The NECC apparently did not stop distributing its compounded drugs across state lines in large quantities despite the warning letter, previous inspections, and being under a consent agreement with Massachusetts. "The enforcement in this case and other compounding cases is complicated greatly by litigation and a lack of clarity in the law, and while we have done some with clear authority, we cannot do all," said Dr. Autor, noting that no federal or state agency is tracking the volume of medications that are prepared and distributed in compounding pharmacies.
"Once the immediate crisis is contained, we want to work with Congress, compounders, states, and all other stakeholders to try to prevent tragedies like this in the future," Dr. Autor said.
Dr.
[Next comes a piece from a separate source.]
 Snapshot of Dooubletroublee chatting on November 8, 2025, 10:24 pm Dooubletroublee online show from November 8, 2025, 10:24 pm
Biondolillo agreed. "We urge Congress to act quickly to address the need for new laws on the federal level to fill in the regulatory gaps so that there is clear authority over regulating these practices."
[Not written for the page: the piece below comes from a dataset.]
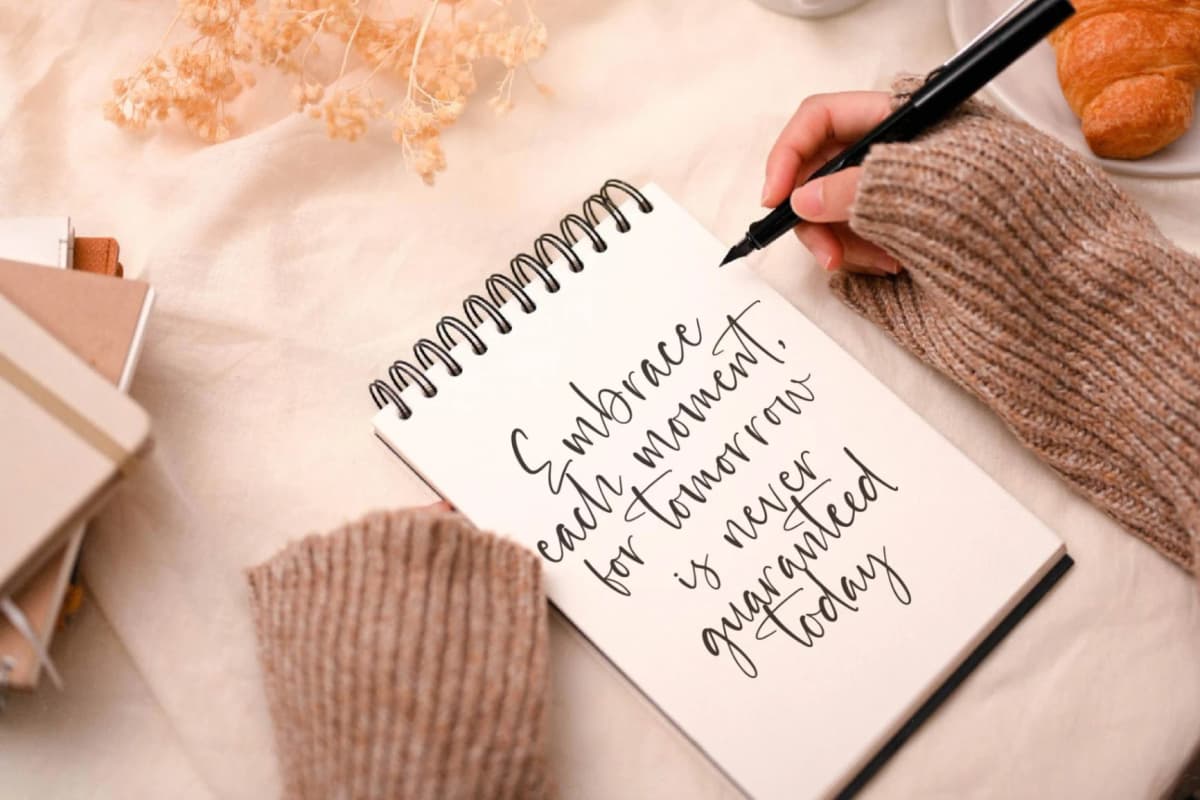 Paradise Daybreak - Handwritten Script Font font preview 17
The Association of American Physicians and Surgeons, however, cautioned against taking any legislative action too quickly because the nature of the NECC’s business was different from most compounding pharmacies. "The CDC has not released any proof that the small outbreak was caused by anything improper done by a compounding pharmacy," the association said in a statement, noting that "most compounding pharmacies focus on customized preparations with tight quality controls, and they should remain under state, not federal, regulation."
Now that Exserohilum is one of the potential causes of the outbreak, the CDC has broadened the scope of treatment guidance to recommend treating patients with confirmed fungal meningitis with two antifungal drugs, voriconazole and liposomal amphotericin B, which are "very strong and can be very difficult for patients to tolerate over a long period of time," said Dr. Weber, noting that the CDC is working with clinical experts to determine the best dose and the best length of time to treat patients.
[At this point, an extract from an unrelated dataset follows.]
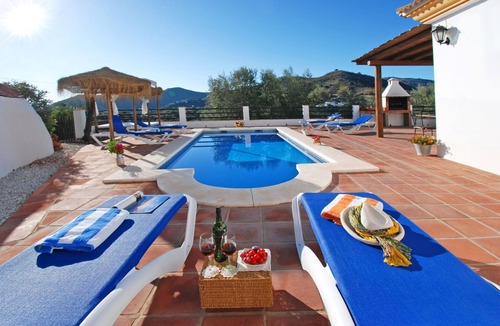 Comares Villa | Torcal 1 - Magnificent Villa for 8 People, Heated Pool, A/C, WIFI, Pet friendly!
The CDC notes that infected patients have presented approximately 1-4 weeks (median of 2 weeks, with the longest being 42 days) following injection with a variety of symptoms, including fever, new or worsening headache, nausea, and new neurologic deficit (consistent with deep brain stroke). The potentially contaminated injections were given starting May 21, 2012.
"We want to emphasize that fungal infections can be slow to develop, and if there are indeed reports of longer periods of time between injection and onset to symptoms ... patients and their doctors will need to be vigilant for at least several months following the injection," said Dr. Weber, who is also chief of the prevention and response branch in the CDC’s Division of Healthcare Quality Promotion.
Nearly all patients have reported headache, whereas about half of patients have had back pain, fever, or nausea, most of which have been mild in nature. CSF obtained from these patients has typically shown elevated white cell count (with a predominance of neutrophils), low glucose, and elevated protein, according to the CDC.
The 23 states that received the implicated lots of medication are California, Connecticut, Florida, Georgia, Idaho, Illinois, Indiana, Maryland, Michigan, Minnesota, North Carolina, New Hampshire, New Jersey, Nevada, New York, Ohio, Pennsylvania, Rhode Island, South Carolina, Tennessee, Texas, Virginia, and West Virginia.
All reports of complaints or problems associated with these products should be made at the MedWatch website, the FDA’s voluntary reporting program, or by calling 800-FDA-1088.